ABOUT THIS TASK: Below are records; from the line containing "Kevin Smith apologizes" through the very last line, output each line exactly. No pictures.
--- EXERCISE MATERIAL ---
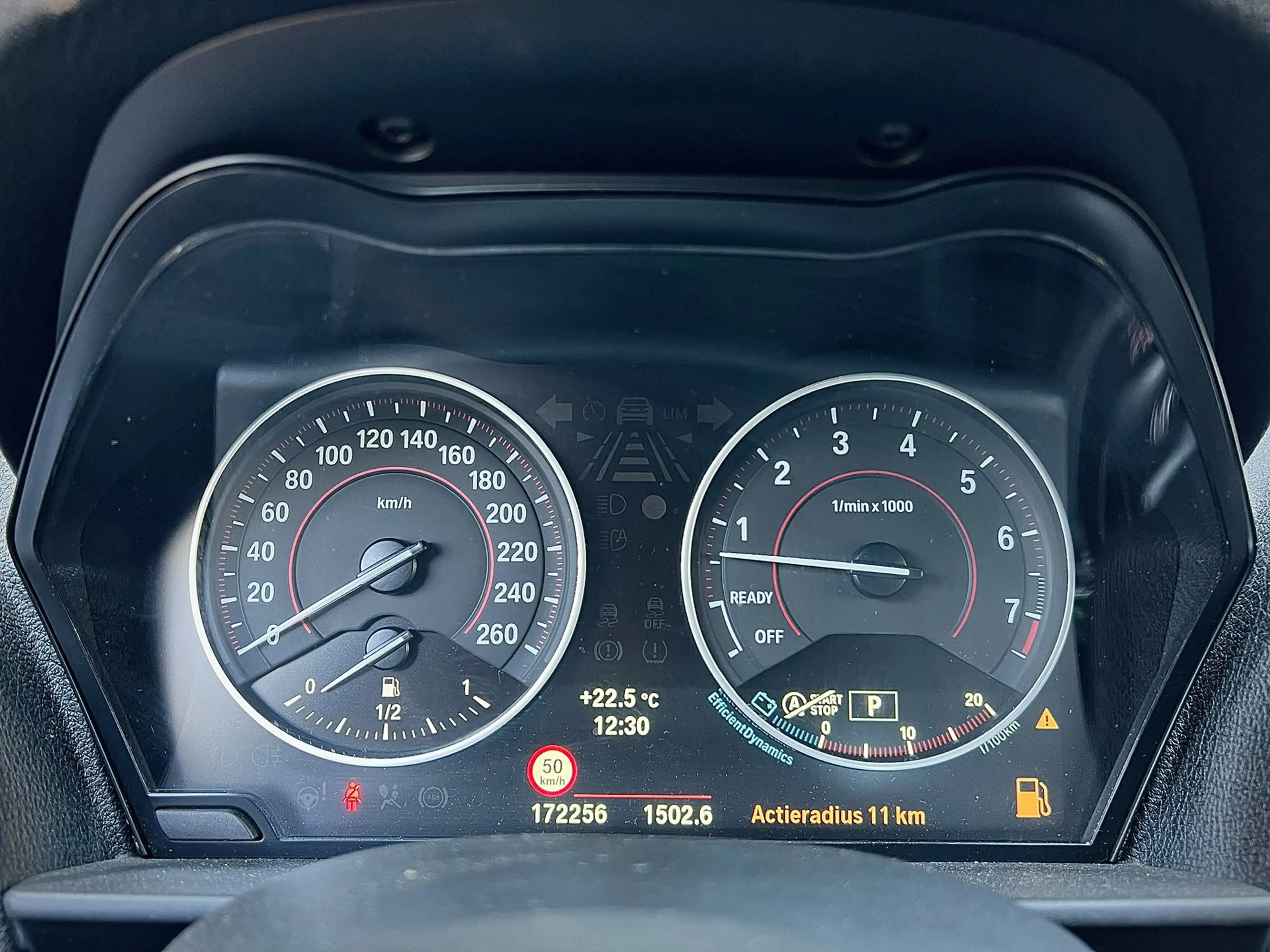 BMW 135 1-serie M135i xDrive Business+ * Led * Camera * H/ — photo 27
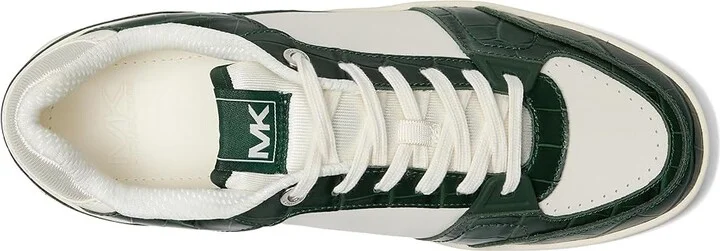 Michael Kors Rebel Lace Up Men's Lace-up Boots Forest Green : 7.5 M, Leather/Rubber - Image 2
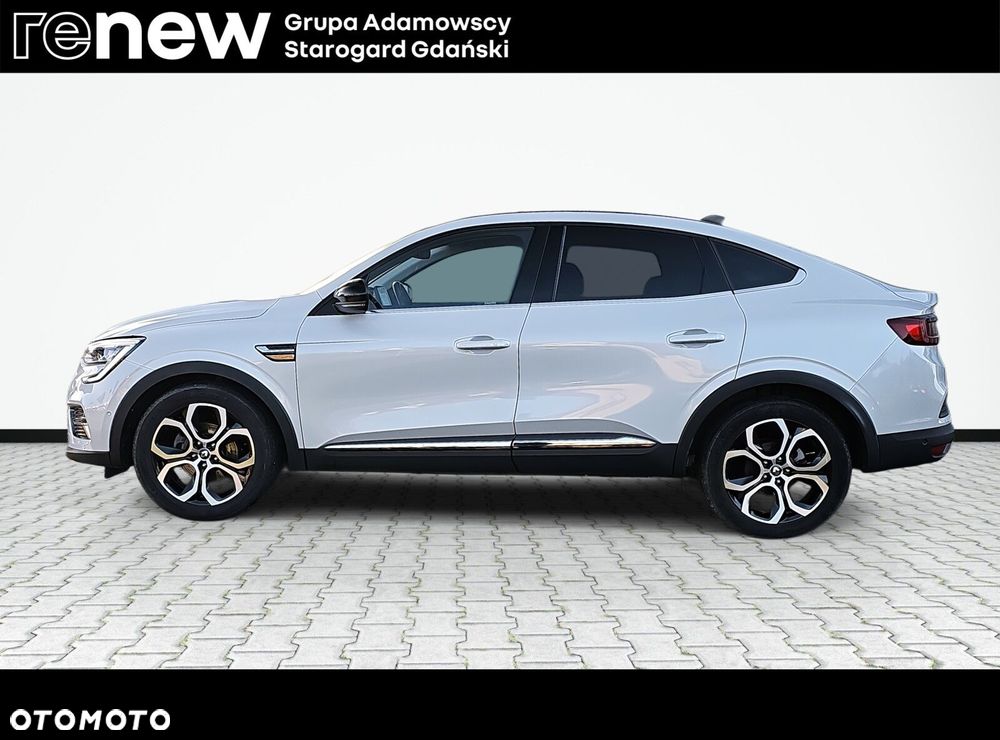 Renault Arkana 1.6 E-TECH Intens MMT - 7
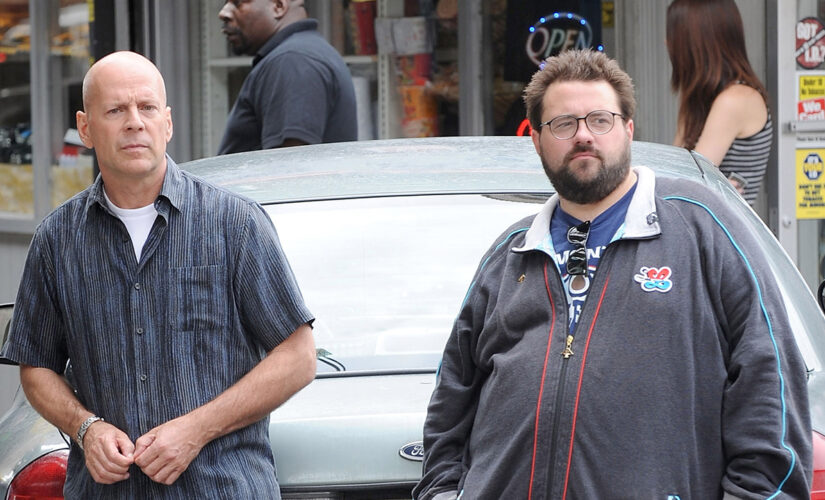 Kevin Smith apologizes to Bruce Willis for past ‘Cop Out’ complaints: ‘I feel like an a–hole’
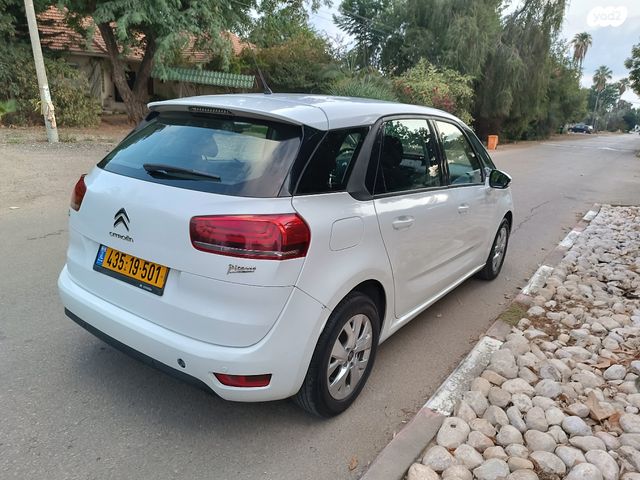 סיטרואן C4 פיקאסו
---
WORKED SOLUTION:
 Kevin Smith apologizes to Bruce Willis for past ‘Cop Out’ complaints: ‘I feel like an a–hole’
 סיטרואן C4 פיקאסו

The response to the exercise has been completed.